I wonder if he will measure up to my Son?

As we approach the theatre we can see a long queue which stretches to the corner of the block, when we get there it’s clear that the queue snakes all the way around that corner, and all the way to the next and beyond.

We pass all the people waiting, it feels like there are hundreds of them, how on earth they are going to fit everyone in?

It turns out to be fine, we get our seats. They’re those old fashioned red velour type and a little bit too small for the fuller figure, like mine. 

But sometimes it’s necessary to suffer for the sake of art.

I say to my Son Saul that I’m looking forward to seeing Rylance, and Mackenzie Crook – I loved one TV show he was in The Detetctorists, I mention this to my Son, yeah funny you should say that, says he, apparently it really appeals to older blokes. 

And there was me thinking I was just a connoisseur of good TV.
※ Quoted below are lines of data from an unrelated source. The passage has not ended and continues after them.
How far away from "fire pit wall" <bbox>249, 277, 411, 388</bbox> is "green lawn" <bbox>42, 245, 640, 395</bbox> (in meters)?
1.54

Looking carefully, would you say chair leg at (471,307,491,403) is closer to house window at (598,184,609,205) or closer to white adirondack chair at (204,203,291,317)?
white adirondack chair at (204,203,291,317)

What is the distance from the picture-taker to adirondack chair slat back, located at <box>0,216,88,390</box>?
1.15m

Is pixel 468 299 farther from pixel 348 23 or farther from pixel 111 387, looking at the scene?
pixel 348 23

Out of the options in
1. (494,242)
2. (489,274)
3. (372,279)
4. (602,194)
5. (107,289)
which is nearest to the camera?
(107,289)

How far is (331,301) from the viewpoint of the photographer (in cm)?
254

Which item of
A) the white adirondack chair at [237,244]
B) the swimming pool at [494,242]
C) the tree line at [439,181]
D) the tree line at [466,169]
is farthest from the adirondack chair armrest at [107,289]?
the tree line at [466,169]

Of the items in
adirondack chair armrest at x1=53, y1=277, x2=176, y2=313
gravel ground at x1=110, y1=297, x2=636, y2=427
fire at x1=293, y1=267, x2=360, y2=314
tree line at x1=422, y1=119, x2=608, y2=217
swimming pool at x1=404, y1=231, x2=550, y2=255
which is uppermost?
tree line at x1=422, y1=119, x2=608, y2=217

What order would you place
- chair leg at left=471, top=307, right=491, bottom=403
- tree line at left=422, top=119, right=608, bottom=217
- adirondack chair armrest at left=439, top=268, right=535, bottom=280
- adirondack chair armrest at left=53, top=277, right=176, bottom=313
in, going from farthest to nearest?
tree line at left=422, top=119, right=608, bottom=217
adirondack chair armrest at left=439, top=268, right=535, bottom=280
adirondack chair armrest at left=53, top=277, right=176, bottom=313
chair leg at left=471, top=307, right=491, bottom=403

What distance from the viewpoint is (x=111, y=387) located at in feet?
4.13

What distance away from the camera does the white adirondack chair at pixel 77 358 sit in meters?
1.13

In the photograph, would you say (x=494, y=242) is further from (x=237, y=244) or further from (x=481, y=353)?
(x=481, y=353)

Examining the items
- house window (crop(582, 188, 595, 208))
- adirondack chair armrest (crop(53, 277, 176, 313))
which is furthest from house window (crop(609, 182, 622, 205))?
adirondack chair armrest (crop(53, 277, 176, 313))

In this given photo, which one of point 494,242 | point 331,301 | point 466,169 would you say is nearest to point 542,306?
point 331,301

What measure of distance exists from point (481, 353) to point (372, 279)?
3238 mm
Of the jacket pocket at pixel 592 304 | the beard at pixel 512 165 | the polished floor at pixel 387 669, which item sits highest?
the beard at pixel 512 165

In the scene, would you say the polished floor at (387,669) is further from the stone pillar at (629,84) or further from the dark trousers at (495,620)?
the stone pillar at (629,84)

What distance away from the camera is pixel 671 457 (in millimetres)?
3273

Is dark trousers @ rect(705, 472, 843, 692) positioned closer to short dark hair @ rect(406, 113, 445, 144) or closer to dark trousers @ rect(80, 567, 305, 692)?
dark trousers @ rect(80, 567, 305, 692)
As we are waiting for the show to start I gaze upwards at the victorian gilt and cherubs on the ceiling, what was the name of that theatre where the roof collapsed a few Years ago? I google just in time to read a few lines, Apollo Theatre, 2013, roof collapse injures 76 people. 

The lights dim and I turn off my phone.

I won’t over share by giving away the plot except to say that in essence it’s a story about a geezer by the name of Johnny ‘Rooster’ Byron – a middle aged drunken, substance abusing anti-hero who lives in a trailer in a wood in Gloucestershire. Johnny has a problem with authority, and the local council. 

It’s a fab show & I love it. Three and a half hours later we rise to our feet and applaud.

I turn to my son and say earnestly that I love Rooster Byron & would like to be him.

My son laughs and says I’m sweet. 

On reflection I come to realise that having aspirations to be a drunken drug taking trailer trash kind of geezer may be slightly eccentric.

We trace our steps back down Shaftesbury Avenue, at Picadilly Circus the neons are working overtime and the streets are buzzing, the young folks are just heading out to the clubs and the bars & as it gets near to midnight me and the Boy wend our way back to Norf London & bed.

Back home I check my step counter, 12,866. Not bad at all, and how do I feel, well, happy.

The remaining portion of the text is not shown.